NOTE: Any of the settings in this block can be overridden by the ExportInfo settings in the Study Config file
The following settings must be used to define site wide defaults for each tag
-
formats
- Description: This should be a list of formats to convert any series matching this tag to.
- Accepted values: 'nii', 'dcm', 'mnc', 'nrrd'
-
qc_types
- Description: This defines the QC function to use in dm_qc_report.py to process human data with the matching tag
- Accepted values: 'anat', 'fmri', 'dti', 'ignore'
-
qc_pha
- Description: This setting defines the QC function to use in dm_qc_report.py to process phantom data with a matching tag
- Accepted values: 'qa_dti', or 'default'. You can also omit 'qc_pha' entirely and the default will be chosen.
Site wide default values can optionally be set for any of the keys usually set in ExportInfo. To see available keys and advice for setting them see the ExportInfo section in 'Sites Block'.
The following is a small excerpt from our own ExportSettings
ExportSettings:
T1: {formats: ['nii', 'dcm', 'mnc'], qc_type: anat, qc_pha: default}
T2: {formats: ['nii', 'dcm'], qc_type: anat}
RST: {formats: ['nii', 'dcm'], qc_type: fmri}
SPRL: {formats: ['nii'], qc_type: fmri}
DTI60-1000: {formats: ['nii', 'dcm', 'nrrd'], qc_type: dti, qc_pha: qa_dti}
FMAP: {formats: ['nii', 'dcm'], qc_type: ignore}
DTI-ABCD: { formats: ['nii', 'dcm'], qc_type: dti, Pattern: 'ABCD_dMRI$'}
In this example all of the tags except DTI60-1000 will use the default phantom QC for their respective qc_type
. The last tag (DTI-ABCD) provides an example of using one of the optional settings to set up a site wide default series description pattern that will match this tag. Any study with the same tag in their ExportInfo can override this by including their own 'Pattern' setting.

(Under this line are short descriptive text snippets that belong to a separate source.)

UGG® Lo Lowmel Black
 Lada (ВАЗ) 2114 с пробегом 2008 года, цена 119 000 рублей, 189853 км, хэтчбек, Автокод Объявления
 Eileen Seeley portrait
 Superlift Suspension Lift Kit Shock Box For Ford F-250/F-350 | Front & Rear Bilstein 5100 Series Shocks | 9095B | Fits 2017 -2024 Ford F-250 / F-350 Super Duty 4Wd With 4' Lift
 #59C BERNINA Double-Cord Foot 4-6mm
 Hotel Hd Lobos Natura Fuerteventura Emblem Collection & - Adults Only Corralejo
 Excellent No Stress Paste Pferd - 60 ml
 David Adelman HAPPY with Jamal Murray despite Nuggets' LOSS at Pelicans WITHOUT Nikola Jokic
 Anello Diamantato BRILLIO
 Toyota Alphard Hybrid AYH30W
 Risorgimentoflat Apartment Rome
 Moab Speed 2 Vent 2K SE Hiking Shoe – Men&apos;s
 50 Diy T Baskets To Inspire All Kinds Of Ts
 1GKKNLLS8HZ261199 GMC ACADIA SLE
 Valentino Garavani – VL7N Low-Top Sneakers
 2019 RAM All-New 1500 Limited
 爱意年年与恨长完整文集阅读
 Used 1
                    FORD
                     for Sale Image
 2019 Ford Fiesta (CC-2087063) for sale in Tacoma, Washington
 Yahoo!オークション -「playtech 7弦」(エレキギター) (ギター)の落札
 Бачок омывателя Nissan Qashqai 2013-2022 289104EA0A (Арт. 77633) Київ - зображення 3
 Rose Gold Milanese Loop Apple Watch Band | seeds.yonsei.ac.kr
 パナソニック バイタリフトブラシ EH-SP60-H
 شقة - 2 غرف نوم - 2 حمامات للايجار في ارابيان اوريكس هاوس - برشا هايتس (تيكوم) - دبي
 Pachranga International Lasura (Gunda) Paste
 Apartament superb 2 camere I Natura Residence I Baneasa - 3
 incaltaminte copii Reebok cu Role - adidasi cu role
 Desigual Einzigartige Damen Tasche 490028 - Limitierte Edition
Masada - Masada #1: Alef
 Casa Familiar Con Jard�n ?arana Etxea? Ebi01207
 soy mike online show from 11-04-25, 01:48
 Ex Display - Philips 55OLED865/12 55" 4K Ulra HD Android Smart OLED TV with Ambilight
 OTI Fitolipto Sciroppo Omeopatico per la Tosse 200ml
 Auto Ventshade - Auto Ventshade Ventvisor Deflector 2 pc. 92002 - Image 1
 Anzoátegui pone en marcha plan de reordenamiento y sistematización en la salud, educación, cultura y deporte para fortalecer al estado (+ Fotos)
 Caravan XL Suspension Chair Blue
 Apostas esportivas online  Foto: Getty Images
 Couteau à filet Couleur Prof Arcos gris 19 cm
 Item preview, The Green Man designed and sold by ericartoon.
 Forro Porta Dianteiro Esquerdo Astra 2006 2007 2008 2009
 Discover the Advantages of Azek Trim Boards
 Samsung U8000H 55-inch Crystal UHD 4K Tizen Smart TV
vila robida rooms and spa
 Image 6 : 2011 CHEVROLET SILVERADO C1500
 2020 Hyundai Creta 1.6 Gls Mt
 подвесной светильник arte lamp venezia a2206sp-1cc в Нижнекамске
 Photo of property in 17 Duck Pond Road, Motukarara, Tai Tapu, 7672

There are a few site wide settings that are not part of any configuration block and that are only needed for a few datman scripts. These are documented here, along with the name of the scripts that use these values.
-
FTPSERVER
- Description: This should contain the fully qualified domain name of an sftp server that new scans will be pulled from.
- Used by:
- dm_sftp.py
-
XNATSERVER
- Description: Contains the full URL to the XNAT server this site will use to archive its data
- Used by:
- datman/xnat.py - Reads this value to find a server to read from / write to
- dm_xnat_upload.py - Uploads new scans to this server
- dm_xnat_extract.py - Downloads new scans from this server
- dm_link_shared_ids.py - Adds shared ID / study alias info to this server
-
XNATPORT
- Description: Only used alongside XNATSERVER. Specifies which port to connect to on the server.
- Used by:
- Same scripts as XNATSERVER
-
REDCAPAPI
- Description: The full URL to the site's REDCap server where 'scan completed' forms are stored
- Used by:
- dm_link_shared_ids.py - Reads shared IDs / session aliases from this server
-
LOGSERVER
- Description: The IP of the machine that will run the logging server.
- Used by:
- dm_log_server.py - This is the actual log server, needs to know this IP to start up
- The following scripts read this setting to get the destination for the log output ONLY when the remote option is used:
- dm_hcp_freesurfer.py
- dm_proc_freesurfer.py
- dm_qc_report.py
- nii_to_bids.py
- xnat_fetch_sessions.py
-
SERVER_LOG_DIR
- Description: The full path to the folder where all server logs will be stored. Should be accessible to the machine running the log server (i.e. a path local to that machine or a path NFS mounted to it). Only needed if LOGSERVER is set.
- Used by:
- dm_log_server.py
This template can be copied, modified and expanded when setting up a new site config file. Remember to save it as a '.yml' or '.yaml' file and to add the full path to it in the environment variable DM_CONFIG
. Also choose one of your configured systems as DM_SYSTEM
# Misc settings can go here (or anywhere really)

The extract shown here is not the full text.